## What you should do
A complete, word-for-word restatement of the entries is needed.

Records drawn from a dataset
━━━━━━━━━━━━━━━━━━━━━━━━━━━━━━
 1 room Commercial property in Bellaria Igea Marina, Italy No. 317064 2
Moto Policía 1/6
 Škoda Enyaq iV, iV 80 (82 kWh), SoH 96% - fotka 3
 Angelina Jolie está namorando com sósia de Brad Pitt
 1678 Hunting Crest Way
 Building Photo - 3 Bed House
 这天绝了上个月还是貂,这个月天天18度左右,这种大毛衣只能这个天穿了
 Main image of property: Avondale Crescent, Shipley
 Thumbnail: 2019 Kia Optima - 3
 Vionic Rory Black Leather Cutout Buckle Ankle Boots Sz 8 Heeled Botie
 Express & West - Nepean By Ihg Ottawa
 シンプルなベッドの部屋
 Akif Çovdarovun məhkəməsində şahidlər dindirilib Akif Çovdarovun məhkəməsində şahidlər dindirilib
━━━━━━━━━━━━━━━━━━━━━━━━━━━━━━
## Output below
 1 room Commercial property in Bellaria Igea Marina, Italy No. 317064 2
Moto Policía 1/6
 Škoda Enyaq iV, iV 80 (82 kWh), SoH 96% - fotka 3
 Angelina Jolie está namorando com sósia de Brad Pitt
 1678 Hunting Crest Way
 Building Photo - 3 Bed House
 这天绝了上个月还是貂,这个月天天18度左右,这种大毛衣只能这个天穿了
 Main image of property: Avondale Crescent, Shipley
 Thumbnail: 2019 Kia Optima - 3
 Vionic Rory Black Leather Cutout Buckle Ankle Boots Sz 8 Heeled Botie
 Express & West - Nepean By Ihg Ottawa
 シンプルなベッドの部屋
 Akif Çovdarovun məhkəməsində şahidlər dindirilib Akif Çovdarovun məhkəməsində şahidlər dindirilib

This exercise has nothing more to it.